Deals accounting for almost 145,000 sq ft of office space were completed in Birmingham across the first quarter of 2014, according to the latest office market report by GVA, the UK’s leading independent commercial property consultant.
Published quarterly, The Big Nine report analyses office activity in both the city centre and out of town markets in the UK’s nine largest regional cities.
All regions reported a robust start to the year, with a total of 1.16 million sq ft of transactions completed in Q1, 7% above the five-year quarterly average and continuing the upward trend seen towards the end of 2013.
Of this, Birmingham completed 144, 663 sq ft of deals, covering both the city centre and out of town markets.
While this figure remained slightly below the five-year quarterly average, there are a number of active enquiries in the market and planning consent has been granted on three high profile schemes: West Register’s 190,000 sq ft 2 Cornwall Street; M&G and Sterling’s 240,000 sq ft Lumina on Snow Hill Queensway; and Goodman’s 125,000 sq ft first phase at Eastside Locks.
George Jennings, Associate, GVA, said: “Birmingham remains an exceedingly attractive prospect for corporate occupiers, with a number of significant enquiries either currently active or forthcoming in the market.
“While the completion of these deals will absorb a good proportion of the remaining Grade A office supply, the city has a strong pipeline of schemes that have received planning consent, boosting available stock in the years to come.
“It is a very positive sign that the three schemes with consent are distributed across the city, ensuring that areas outside the traditional core, such as Eastside, are being utilised to their full potential to meet Birmingham’s growing requirement and profile as a leading destination city.”
Of all regions, Scotland experienced the strongest take-up, with both Edinburgh and Glasgow more than 50% above the five-year quarterly average. Meanwhile Manchester recorded a quarter of a million sq ft of deals, and Leeds and Bristol also both outperformed the quarterly average, each with new deals in excess of 100,000 sq ft.

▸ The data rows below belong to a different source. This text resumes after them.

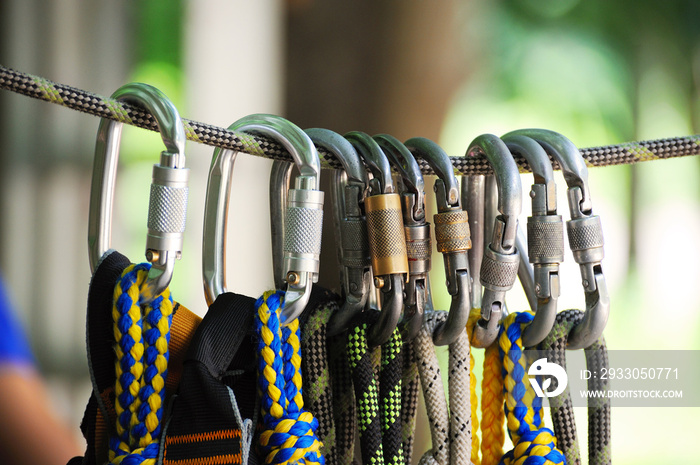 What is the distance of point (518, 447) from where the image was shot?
0.46 m

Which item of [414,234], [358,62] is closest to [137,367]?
[414,234]

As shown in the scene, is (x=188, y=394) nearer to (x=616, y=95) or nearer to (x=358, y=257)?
(x=358, y=257)

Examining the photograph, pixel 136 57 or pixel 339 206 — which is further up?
pixel 136 57

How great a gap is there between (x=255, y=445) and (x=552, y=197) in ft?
0.86

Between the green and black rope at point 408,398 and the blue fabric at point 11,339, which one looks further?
the blue fabric at point 11,339

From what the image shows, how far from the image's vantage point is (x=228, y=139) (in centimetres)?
→ 42

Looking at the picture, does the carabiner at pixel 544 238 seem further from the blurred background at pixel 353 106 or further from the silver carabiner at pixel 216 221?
the blurred background at pixel 353 106

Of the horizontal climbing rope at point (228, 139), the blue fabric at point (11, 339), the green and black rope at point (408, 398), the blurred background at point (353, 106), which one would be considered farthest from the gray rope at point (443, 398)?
the blue fabric at point (11, 339)

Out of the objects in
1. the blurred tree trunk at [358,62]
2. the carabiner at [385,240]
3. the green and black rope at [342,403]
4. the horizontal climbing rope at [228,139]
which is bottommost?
the green and black rope at [342,403]

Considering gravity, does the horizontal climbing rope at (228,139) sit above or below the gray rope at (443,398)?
above

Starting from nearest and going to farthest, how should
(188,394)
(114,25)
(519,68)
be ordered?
(188,394)
(114,25)
(519,68)

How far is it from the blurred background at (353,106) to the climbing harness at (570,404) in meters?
0.50

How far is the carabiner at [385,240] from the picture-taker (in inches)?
16.7

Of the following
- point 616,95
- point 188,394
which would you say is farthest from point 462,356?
point 616,95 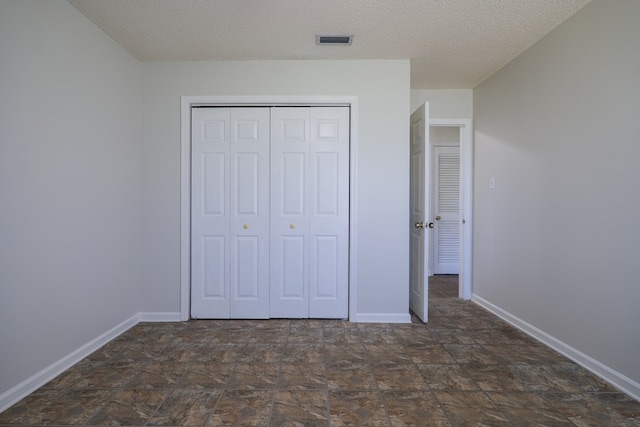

The top five city centre deals in Q1 2014 were Barclays’s 80,000 sq ft deal at 4 Piccadilly Place in Manchester, Rockstar Games taking over the 75,500 sq ft Scotsman newspaper office in Edinburgh, Trader Media Group’s 60,000 sq ft deal at No1 First Street in Manchester and the Criminal Injuries Compensation Authority’s deal to take up 30,000 sq ft at Alexander Bain House in Glasgow.
Carl Potter, Director and Head of National Offices at GVA, commented: “It is great to see that, after such a strong rebound in 2013, there is little sign that the positive sentiment is set to abate. The economic conditions for growth are right, business confidence is high, and the employment market is recovering well, so it is great to see that the UK’s Big Nine cities are all thriving and continuing to push ahead.
“However, it is now clear the constraint of a real shortfall in Grade A availability will impede take up and provide a limiter on growth. This will drive rental growth across the rest of this year, and means that those investors who caught the tide of recovery early should be able to take advantage of the continuing hardening of yields.”
Office take-up in the out-of-town markets across the quarter was 651,000 sq ft, 6% above the five-year quarterly average, with Cardiff, Manchester, Bristol and Glasgow again all performing strongly above the quarterly average.